When a colleague loaned me Stephen Covey's The Seven Habits of Highly Successful People many years ago, it took me about three months to get round to reading it. I now realize that I wasted those three months. In fact, I read it three times in order to ensure that I had fully digested the wisdom therein.
While I cannot claim to have experienced an epiphany of epic proportions, it did cause me to make fundamental changes in the way I conduct business. In reality, I was practicing much of what Covey suggests, but I was doing so in a fairly unstructured and ill-disciplined way. However, in what I now term my "post-Covey" period, I do ensure that I audit myself regularly and I would urge you to do the same.
Covey is also responsible for the book Principle-Centered Leadership and many of his ideas and approaches relate to the management of people. Covey's view focuses on interdependence, on what he calls "mature interaction." When we are truly interdependent, then we have achieved and are practicing all seven habits. The habits are in fact steps, leading us from dependence through independence to interdependence and making use of our innate human characteristics—moving us in effect from what Covey terms "private victories" to public victories.

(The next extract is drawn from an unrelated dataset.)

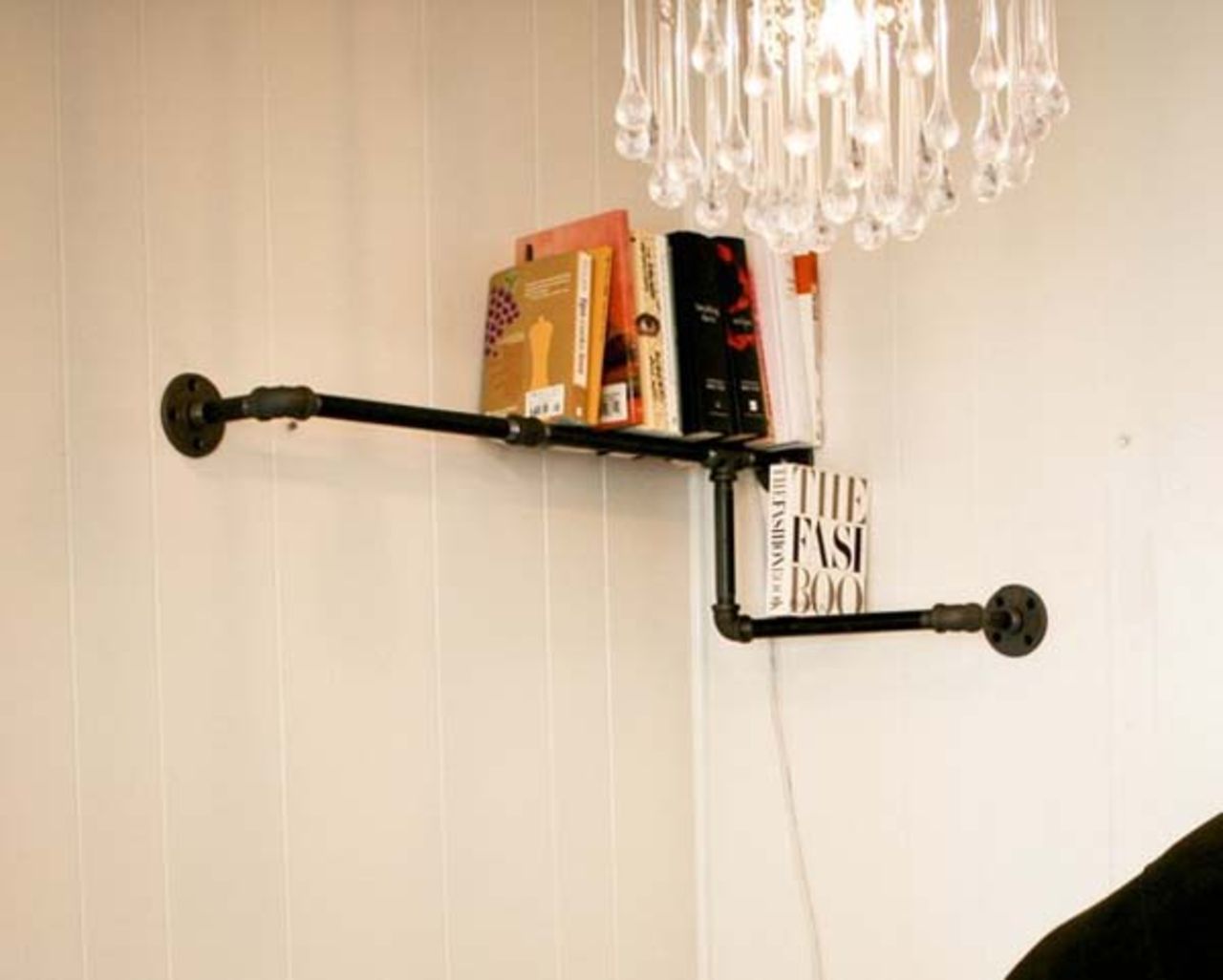 Gamla rör som bokhylla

In any situation, our natural human response is to look for similarities to situations we have previously encountered. In doing this, we fail to recognize the situation we are actually in and the unique opportunities and challenges presented to us. In effect, "the way we see the problem is the problem," which accounts for why we find ourselves repeating patterns of frustration and feeling unable to respond appropriately to situations facing us.